- [Prompt]
What appears in the data must be reproduced exactly.

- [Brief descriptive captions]
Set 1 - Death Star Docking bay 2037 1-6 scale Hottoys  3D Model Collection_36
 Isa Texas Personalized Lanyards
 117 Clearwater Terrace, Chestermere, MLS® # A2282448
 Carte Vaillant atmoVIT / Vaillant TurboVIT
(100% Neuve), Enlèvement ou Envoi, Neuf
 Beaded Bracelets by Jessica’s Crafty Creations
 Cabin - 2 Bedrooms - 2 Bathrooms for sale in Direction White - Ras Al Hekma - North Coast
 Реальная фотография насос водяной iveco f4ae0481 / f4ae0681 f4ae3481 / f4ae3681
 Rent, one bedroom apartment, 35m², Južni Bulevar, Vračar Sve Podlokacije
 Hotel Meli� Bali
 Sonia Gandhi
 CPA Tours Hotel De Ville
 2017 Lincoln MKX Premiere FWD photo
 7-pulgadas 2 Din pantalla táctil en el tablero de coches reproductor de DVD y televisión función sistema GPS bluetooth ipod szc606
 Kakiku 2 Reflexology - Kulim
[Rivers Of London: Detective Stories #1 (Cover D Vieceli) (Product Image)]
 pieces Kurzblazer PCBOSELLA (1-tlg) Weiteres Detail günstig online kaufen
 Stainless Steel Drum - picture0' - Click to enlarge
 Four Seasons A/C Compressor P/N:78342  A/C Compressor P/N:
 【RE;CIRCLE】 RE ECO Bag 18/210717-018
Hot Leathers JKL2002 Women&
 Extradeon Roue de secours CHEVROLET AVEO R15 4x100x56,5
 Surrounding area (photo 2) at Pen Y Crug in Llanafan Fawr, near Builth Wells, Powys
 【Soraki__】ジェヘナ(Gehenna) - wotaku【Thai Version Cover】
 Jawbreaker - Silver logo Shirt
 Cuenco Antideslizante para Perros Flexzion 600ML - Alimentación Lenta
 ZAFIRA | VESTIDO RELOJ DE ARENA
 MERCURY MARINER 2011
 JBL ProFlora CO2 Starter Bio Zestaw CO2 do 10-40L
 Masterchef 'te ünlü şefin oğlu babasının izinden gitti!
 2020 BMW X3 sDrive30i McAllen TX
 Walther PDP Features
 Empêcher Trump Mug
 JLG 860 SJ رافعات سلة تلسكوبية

- [Answer box]
Set 1 - Death Star Docking bay 2037 1-6 scale Hottoys  3D Model Collection_36
 Isa Texas Personalized Lanyards
 117 Clearwater Terrace, Chestermere, MLS® # A2282448
 Carte Vaillant atmoVIT / Vaillant TurboVIT
(100% Neuve), Enlèvement ou Envoi, Neuf
 Beaded Bracelets by Jessica’s Crafty Creations
 Cabin - 2 Bedrooms - 2 Bathrooms for sale in Direction White - Ras Al Hekma - North Coast
 Реальная фотография насос водяной iveco f4ae0481 / f4ae0681 f4ae3481 / f4ae3681
 Rent, one bedroom apartment, 35m², Južni Bulevar, Vračar Sve Podlokacije
 Hotel Meli� Bali
 Sonia Gandhi
 CPA Tours Hotel De Ville
 2017 Lincoln MKX Premiere FWD photo
 7-pulgadas 2 Din pantalla táctil en el tablero de coches reproductor de DVD y televisión función sistema GPS bluetooth ipod szc606
 Kakiku 2 Reflexology - Kulim
[Rivers Of London: Detective Stories #1 (Cover D Vieceli) (Product Image)]
 pieces Kurzblazer PCBOSELLA (1-tlg) Weiteres Detail günstig online kaufen
 Stainless Steel Drum - picture0' - Click to enlarge
 Four Seasons A/C Compressor P/N:78342  A/C Compressor P/N:
 【RE;CIRCLE】 RE ECO Bag 18/210717-018
Hot Leathers JKL2002 Women&
 Extradeon Roue de secours CHEVROLET AVEO R15 4x100x56,5
 Surrounding area (photo 2) at Pen Y Crug in Llanafan Fawr, near Builth Wells, Powys
 【Soraki__】ジェヘナ(Gehenna) - wotaku【Thai Version Cover】
 Jawbreaker - Silver logo Shirt
 Cuenco Antideslizante para Perros Flexzion 600ML - Alimentación Lenta
 ZAFIRA | VESTIDO RELOJ DE ARENA
 MERCURY MARINER 2011
 JBL ProFlora CO2 Starter Bio Zestaw CO2 do 10-40L
 Masterchef 'te ünlü şefin oğlu babasının izinden gitti!
 2020 BMW X3 sDrive30i McAllen TX
 Walther PDP Features
 Empêcher Trump Mug
 JLG 860 SJ رافعات سلة تلسكوبية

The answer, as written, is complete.